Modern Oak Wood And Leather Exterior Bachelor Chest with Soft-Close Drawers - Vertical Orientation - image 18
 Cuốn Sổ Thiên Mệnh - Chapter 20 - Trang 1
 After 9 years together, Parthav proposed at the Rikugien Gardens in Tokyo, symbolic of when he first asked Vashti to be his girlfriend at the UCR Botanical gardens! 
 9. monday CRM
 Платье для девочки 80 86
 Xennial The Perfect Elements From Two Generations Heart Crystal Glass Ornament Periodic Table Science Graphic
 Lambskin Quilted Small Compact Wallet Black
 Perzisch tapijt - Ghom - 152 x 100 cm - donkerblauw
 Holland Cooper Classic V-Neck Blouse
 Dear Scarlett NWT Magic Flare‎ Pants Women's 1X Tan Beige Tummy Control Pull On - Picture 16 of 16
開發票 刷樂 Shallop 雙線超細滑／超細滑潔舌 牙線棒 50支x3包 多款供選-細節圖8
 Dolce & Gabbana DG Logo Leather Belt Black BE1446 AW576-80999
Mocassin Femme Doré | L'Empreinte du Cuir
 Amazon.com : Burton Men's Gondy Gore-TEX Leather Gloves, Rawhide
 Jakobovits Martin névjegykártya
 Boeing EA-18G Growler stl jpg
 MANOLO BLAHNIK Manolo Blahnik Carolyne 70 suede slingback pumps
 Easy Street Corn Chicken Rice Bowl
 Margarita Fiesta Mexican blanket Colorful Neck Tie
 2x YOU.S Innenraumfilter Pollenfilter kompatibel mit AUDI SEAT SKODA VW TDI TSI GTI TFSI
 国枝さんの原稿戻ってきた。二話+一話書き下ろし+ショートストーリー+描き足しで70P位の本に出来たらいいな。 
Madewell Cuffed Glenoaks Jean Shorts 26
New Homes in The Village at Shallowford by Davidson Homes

◆ **WORK INSTRUCTION**
Each entry above should be written again exactly.

◆ **YOUR SOLUTION**
Modern Oak Wood And Leather Exterior Bachelor Chest with Soft-Close Drawers - Vertical Orientation - image 18
 Cuốn Sổ Thiên Mệnh - Chapter 20 - Trang 1
 After 9 years together, Parthav proposed at the Rikugien Gardens in Tokyo, symbolic of when he first asked Vashti to be his girlfriend at the UCR Botanical gardens! 
 9. monday CRM
 Платье для девочки 80 86
 Xennial The Perfect Elements From Two Generations Heart Crystal Glass Ornament Periodic Table Science Graphic
 Lambskin Quilted Small Compact Wallet Black
 Perzisch tapijt - Ghom - 152 x 100 cm - donkerblauw
 Holland Cooper Classic V-Neck Blouse
 Dear Scarlett NWT Magic Flare‎ Pants Women's 1X Tan Beige Tummy Control Pull On - Picture 16 of 16
開發票 刷樂 Shallop 雙線超細滑／超細滑潔舌 牙線棒 50支x3包 多款供選-細節圖8
 Dolce & Gabbana DG Logo Leather Belt Black BE1446 AW576-80999
Mocassin Femme Doré | L'Empreinte du Cuir
 Amazon.com : Burton Men's Gondy Gore-TEX Leather Gloves, Rawhide
 Jakobovits Martin névjegykártya
 Boeing EA-18G Growler stl jpg
 MANOLO BLAHNIK Manolo Blahnik Carolyne 70 suede slingback pumps
 Easy Street Corn Chicken Rice Bowl
 Margarita Fiesta Mexican blanket Colorful Neck Tie
 2x YOU.S Innenraumfilter Pollenfilter kompatibel mit AUDI SEAT SKODA VW TDI TSI GTI TFSI
 国枝さんの原稿戻ってきた。二話+一話書き下ろし+ショートストーリー+描き足しで70P位の本に出来たらいいな。 
Madewell Cuffed Glenoaks Jean Shorts 26
New Homes in The Village at Shallowford by Davidson Homes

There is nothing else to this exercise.